Yes, I could have been a professional artist -- but decided to go to Engineering school instead of taking a scholarship in Fine Art. I painted some elaborate four-walls murals in the Trompe-l'oeil style in each of my sons' bedrooms. Storybook-like Scottish Highlands in S3's room, Hot Wheels-themed landscapes in S7's room. I worked on them before each of my son's births, my own "agony and ecstasy" like Michelangelo in the Sistine Chapel.
I had a great evening today. S3 announced to W this morning he wanted to spend the night with his daddy, even though this is her custody week. Last week there were three nights he opted to be with his mother during my custody week. I think he just likes shaking things up and getting one-on-one treatment with either parent. Meanwhile I'm sure S7 enjoyed the one-on-one time with his mother too.
Children do not ask to be brought into this world. Most of time they are conceived in love. It's not fair to them when a parent decides that they don't need a stable home to bring them up. When a child is brought into this world we are making a commitment to them that we will love and protect them.
I don't understand how a WAS parent can say nothing wiill change for the child.

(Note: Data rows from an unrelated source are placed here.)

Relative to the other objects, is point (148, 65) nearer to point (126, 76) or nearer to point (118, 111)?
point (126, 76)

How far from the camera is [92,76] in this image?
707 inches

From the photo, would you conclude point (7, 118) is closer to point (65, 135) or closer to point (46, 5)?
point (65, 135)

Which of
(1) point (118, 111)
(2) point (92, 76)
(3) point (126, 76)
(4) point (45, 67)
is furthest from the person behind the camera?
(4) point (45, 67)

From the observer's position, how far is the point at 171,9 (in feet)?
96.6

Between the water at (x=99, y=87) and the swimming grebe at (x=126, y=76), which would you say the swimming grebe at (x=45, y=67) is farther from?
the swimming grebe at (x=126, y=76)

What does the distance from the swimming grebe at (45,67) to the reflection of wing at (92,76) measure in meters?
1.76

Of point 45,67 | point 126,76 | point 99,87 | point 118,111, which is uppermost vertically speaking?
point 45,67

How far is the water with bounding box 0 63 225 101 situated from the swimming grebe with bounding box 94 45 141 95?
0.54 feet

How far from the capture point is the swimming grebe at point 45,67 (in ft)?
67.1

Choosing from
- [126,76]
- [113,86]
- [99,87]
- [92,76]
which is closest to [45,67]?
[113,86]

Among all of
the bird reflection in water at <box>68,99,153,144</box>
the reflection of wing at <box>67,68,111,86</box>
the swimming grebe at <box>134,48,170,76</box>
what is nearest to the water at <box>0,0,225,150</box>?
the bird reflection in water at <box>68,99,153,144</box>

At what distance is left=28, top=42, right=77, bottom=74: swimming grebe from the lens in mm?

The script says, "Children are resilient, they will be okay". Try telling that to a chld who misses the other parent...
Life's challenges are not supposed to paralyze you, they're supposed to help you discover who you are. -- Bernice Johnson Reagon
Just today, SallyM sent me some divorce books for children (some for them, some for adults to read). H saw them and said "They'll be fine, LWB, they'll be fine". I don't argue with him anymore, but I did say "They will be fine, but not right away. With our patience and understanding, we can help them adjust to something they won't understand at first."

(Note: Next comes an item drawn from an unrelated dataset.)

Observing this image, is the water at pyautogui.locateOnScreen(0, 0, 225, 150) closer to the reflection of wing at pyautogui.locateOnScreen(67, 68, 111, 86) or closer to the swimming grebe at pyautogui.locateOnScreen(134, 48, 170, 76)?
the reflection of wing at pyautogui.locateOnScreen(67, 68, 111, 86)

The script says, "Children are resilient, they will be okay". Try telling that to a chld who misses the other parent.
That seems to be the common refrain alright, spoken by pro-divorce drones and otherwise unknowing fools everywhere. All of them in denial.
What I'm trying to figure out is how W went from there and took it even further: If I stand in the way of her desire to destroy the M and the family, then somehow I am the one harming the children... by harming their mother via denying her proposed solution for "happiness".
(I did mention that she is insane, right?)
Lwb, yes, our children can indeed become "fine" over time and with a lot of love and careful effort. But in no way can anyone in their right mind make the claim that -- even in the best of situations -- children come away unscathed by D.
But in no way can anyone in their right mind make the claim that -- even in the best of situations -- children come away unscathed by D.
My H makes this claim everytime we talk about it. That's why I don't talk about it with him anymore because it makes me so furious that he is so very selfish!
Lwb, yes, our children can indeed become "fine" over time and with a lot of love and careful effort. But in no way can anyone in their right mind make the claim that -- even in the best of situations -- children come away unscathed by D.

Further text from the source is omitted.